Common Examples of Projection:

A friend who’s insecure about her body sees someone in a revealing outfit. “Ugh, look at what she’s wearing. I can’t believe people go out of the house like that.” Rather than admit her own discomfort, she projects it onto someone else.
A co-worker who is hard to work with complains about another employee. “Dave is so full of it. He thinks he knows everything.” In truth, she shares those same traits and is unknowingly speaking about herself.

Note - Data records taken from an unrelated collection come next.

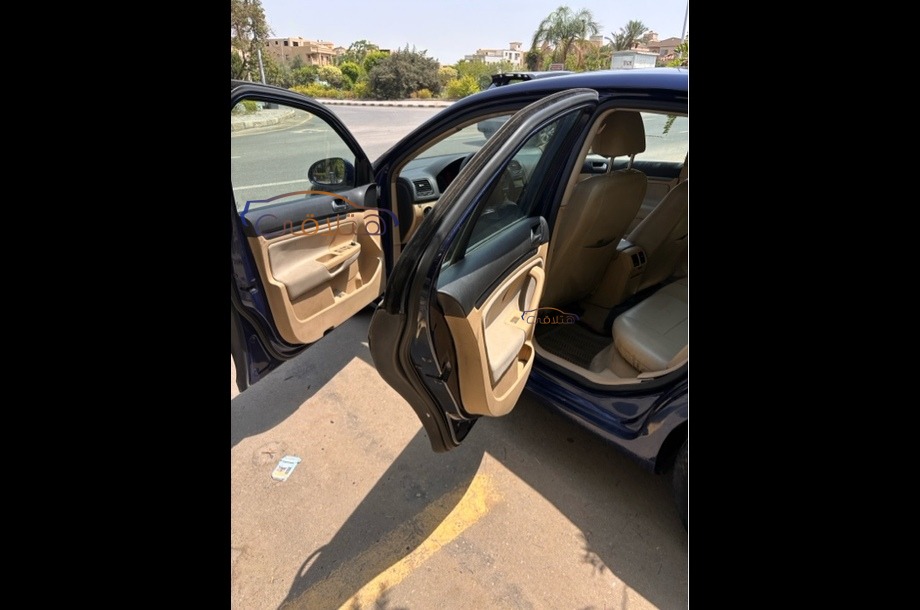 Jetta Volkswagen الأزرق الداكن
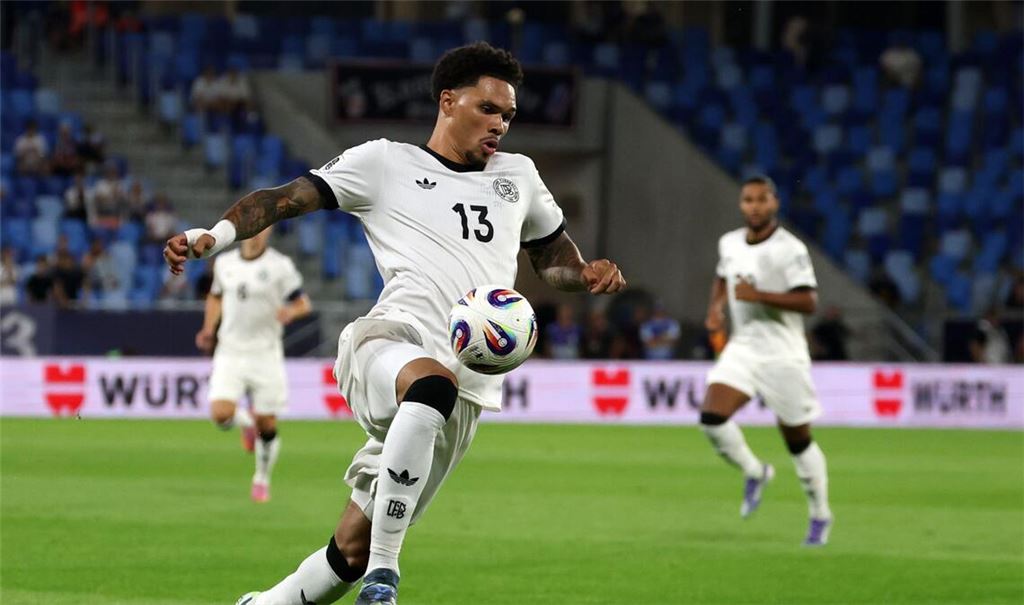 Nnamdi Collins bei seinem ersten Länderspiel.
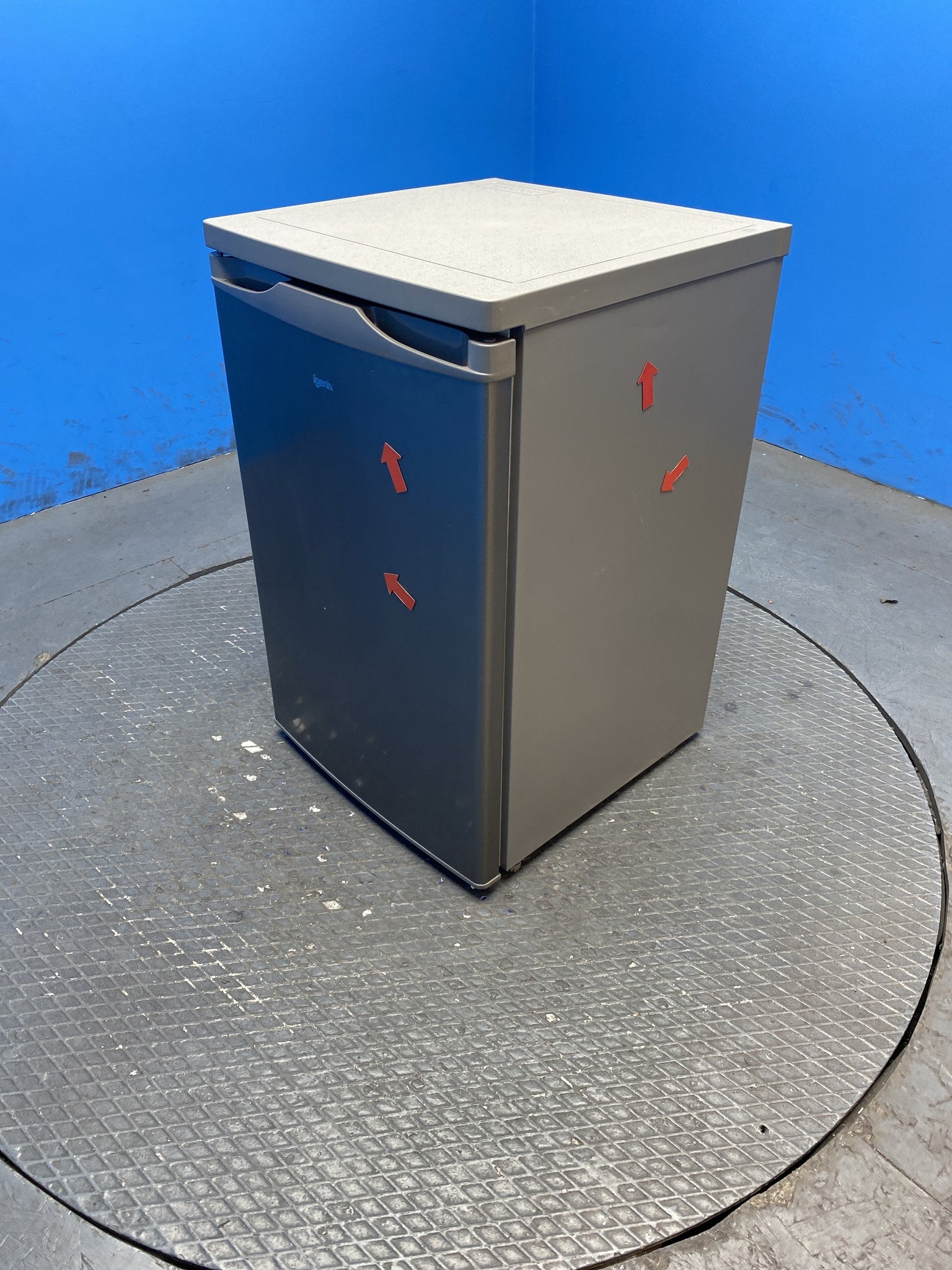 Igenix IG255X 136 Litre Undercounter Fridge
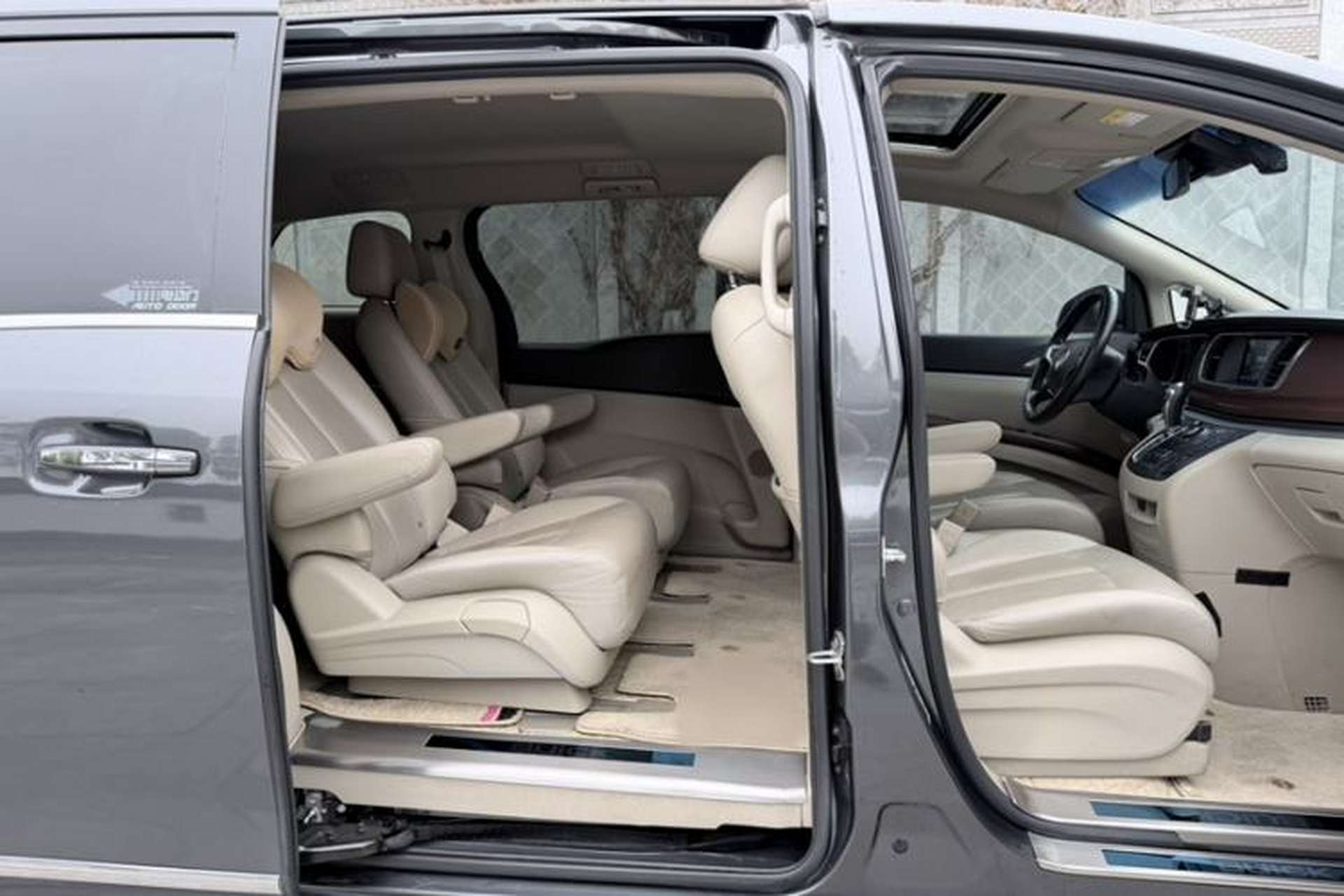 Used Buick GL8 2018 28T Luxury Model China VI Standard Exterior 10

In Parenting, Projection Might Sound Like:

"You’re making me so angry!" when really, you're already dysregulated and your child is simply being a child.
"Why are you so needy today?" when what you actually need is rest, space, or support.
Children are often the mirror. They reflect back the parts of us that still need tending, healing, or understanding.

When Projection Becomes Chronic:

Sometimes projection runs so deep that it distorts reality. Here’s a real-world example:

A husband, John, accuses his wife, Katie, of cheating. He grills her about a coworker, questions her when she gets home late, and constantly demands reassurance. Katie, confused and heartbroken, has done nothing to provoke this suspicion. Over time, she learns John was the one having an affair. What happened? John was overwhelmed by guilt, shame, and fear, feelings too painful to face directly. So, he projects them onto Katie.

How to Recognize When Someone is Projecting onto You:

The accusation feels out of nowhere or exaggerated. They tell you how you feel or what your intentions are. They’re not listening, almost like they’re talking to themselves.

What to Do When Someone Projects:

Stay grounded in what you know to be true about yourself. Don’t argue the projection directly. Saying, “You’re projecting!” only triggers defensiveness. Reflect: Is there a small truth in it? If yes, tend to it. If not, release it.

As a Parent, Here’s Why This Matters:

When we become aware of our projections, we stop placing the emotional weight of our inner struggles on our children. Instead, we model emotional maturity. We show them what it looks like to pause, reflect, and take ownership of our experience. And that, more than any parenting technique, creates safety. It teaches them that emotions are not something to be feared or avoided, but signals to be listened to. It teaches them that love doesn't mean perfection, but presence. You won’t catch yourself every time. But when you do, that moment of recognition is powerful. It’s the start of something different. Not just for you. For your child, too.